Позволим себе усомниться сразу в двух вещах, всем известных. Что «общество» наше, во-первых, такое сахарное. Что общество, во-вторых, такое слабенькое. Обычно его упрекают и жалеют за неспособность к самоорганизации. Но давайте будем точны. Вот молодежь, к примеру, оставили без присмотра. И она самоорганизовалась в молодежную банду. Грабежи, разбойные нападения, тяжкие телесные вообще без счета. Вся округа в ужасе. Отличная, если вдуматься, самоорганизация. На Сицилии, правда, получше будет, ну так мы только начинаем… За такую самоорганизацию, разумеется, дают срок. Там, где ее не режут, она режет всех. Но это именно самоорганизация. То есть не надо стаю шакалов путать со стадом баранов, это разные вещи в плане хотя бы активности. Ну вот, теперь к дефинициям. Чего такое «гражданское общество» – не с умильной точки зрения грантоеда, а реально? Ну, вот некогда доводилось уже цитировать Гегеля: это все, что уже не семья, но еще не государство. Между ними есть некое поле, и все, что в этом поле растет: розы, одуванчики, чертополохи, – и будет нам гражданское общество.
Чертополох
Так растет у нас или не растет? И вот если посчитать, что у нас обретается в этом поле, придется-таки признать: в России довольно сильное гражданское общество. Но это мафиозное гражданское общество. Все эти сети однокурсников, спортсменов, уголовников, собутыльников, родичей, политических технологов, коллег по бане – и есть наше гражданское общество. Одна беда, оно не заточено на то, чтобы чего-то «строить». В редких случаях бывает, а так нет. Зато оно заточено, чтобы тянуть, пилить, покрывать, продавливать, отмазывать, подставлять и гнобить все чужое для данной сети. «И здесь тоже общество завелось», – вздыхает государственный деятель, подыскивая какую-нибудь морилку.

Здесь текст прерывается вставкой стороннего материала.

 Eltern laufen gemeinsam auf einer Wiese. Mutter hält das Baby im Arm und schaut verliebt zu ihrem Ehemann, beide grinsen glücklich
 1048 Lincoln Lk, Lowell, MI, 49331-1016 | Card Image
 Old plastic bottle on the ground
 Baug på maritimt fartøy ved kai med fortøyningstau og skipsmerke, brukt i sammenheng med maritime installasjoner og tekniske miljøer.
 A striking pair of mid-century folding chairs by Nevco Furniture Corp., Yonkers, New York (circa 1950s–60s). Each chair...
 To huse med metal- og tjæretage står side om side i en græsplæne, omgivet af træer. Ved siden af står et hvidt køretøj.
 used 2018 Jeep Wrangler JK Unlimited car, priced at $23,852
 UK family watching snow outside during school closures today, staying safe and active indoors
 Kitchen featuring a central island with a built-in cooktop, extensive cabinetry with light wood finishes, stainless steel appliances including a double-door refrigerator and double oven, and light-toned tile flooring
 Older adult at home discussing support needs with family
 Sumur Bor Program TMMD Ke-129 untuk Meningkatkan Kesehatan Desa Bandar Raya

Увидеть все великолепие российского общества можно в те времена, когда государство вроде как уходит, а жизнь продолжается. В 1917 году, например, был такой момент. В большинстве мест России государство кануло, а чего-то было. Просто люди, как они есть, и то, на что люди способны. Потом, естественно, пришло государство. Но люди успели показать себя, оставив ряд символов свободной России. Античная ваза, в которую писает пьяный Вася; утопленные жандармы, коих топить начали с февраля, но за людей не считали – и потому февраль был «без жертв». Сотни хренов, спустившихся с горы и объявивших себя президентами, диктаторами, консулами и паханами. Человечина в продуктовых лавках. Шестая часть суши под управлением полевых командиров. Впрочем, организованная преступность была еще благом. Ибо имела некоторую привычку разбираться с преступностью неорганизованной, которая всегда страшнее.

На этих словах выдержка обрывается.